= Bungei Prize =

Japanese literary award

The Bungei Prize (文藝賞, Bungeishō) is a Japanese literary award given by publishing company Kawade Shobō Shinsha. It was first awarded in 1962. The award is intended to recognize new writers, and several famous Japanese writers have won the award, but many Bungei Prize winners have not achieved any further literary recognition.

== Awards history ==
For the first two years in 1962 and 1963, awards were given in dramatic works, short and medium stories, and long works categories. From 1964, all works were judged in a single category. In 1965 no prize selection process was held, thus 1964 is the third award, and 1966 is the fourth. In 1967 and 2010 no works were judged worthy of the award.
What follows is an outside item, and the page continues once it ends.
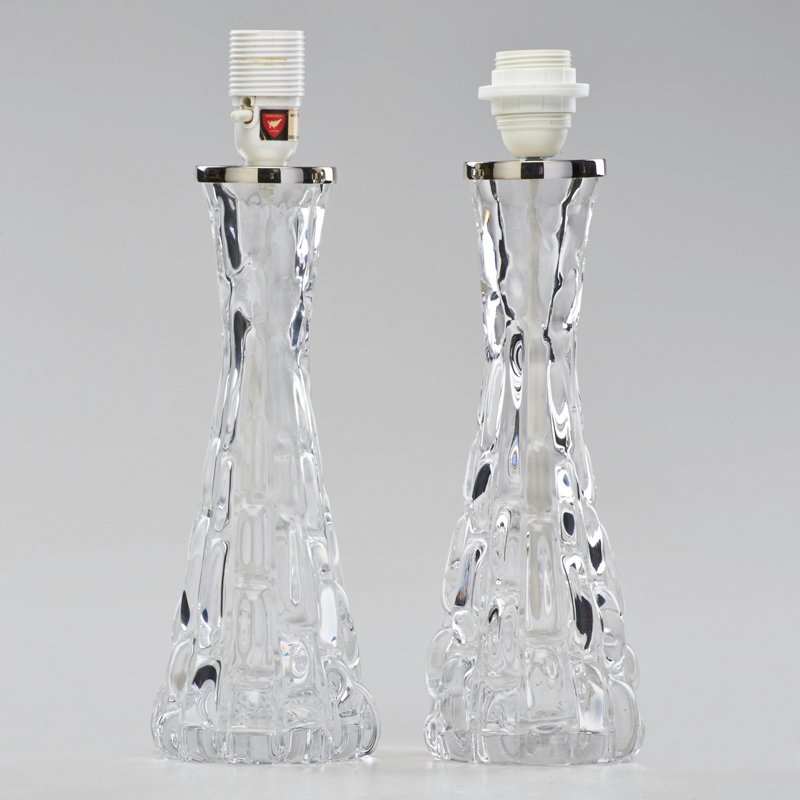 CARL FAGERLUND; ORREFORS: Two table lamps, model RD 1477, Sweden, 1960s; Chromed steel, glass; Both with manufacturer tag and etched mark; 15" x 5 1/2"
In 1968, due to the bankruptcy of Kawade Shobō ShinshaIn, the sixth award was delayed by one year until 1969. In 1969, the selected winner, Nakano Shuhei, refused to accept the award.

== Winners ==
Kawade Shobō Shinsha maintains a complete official list of winning works.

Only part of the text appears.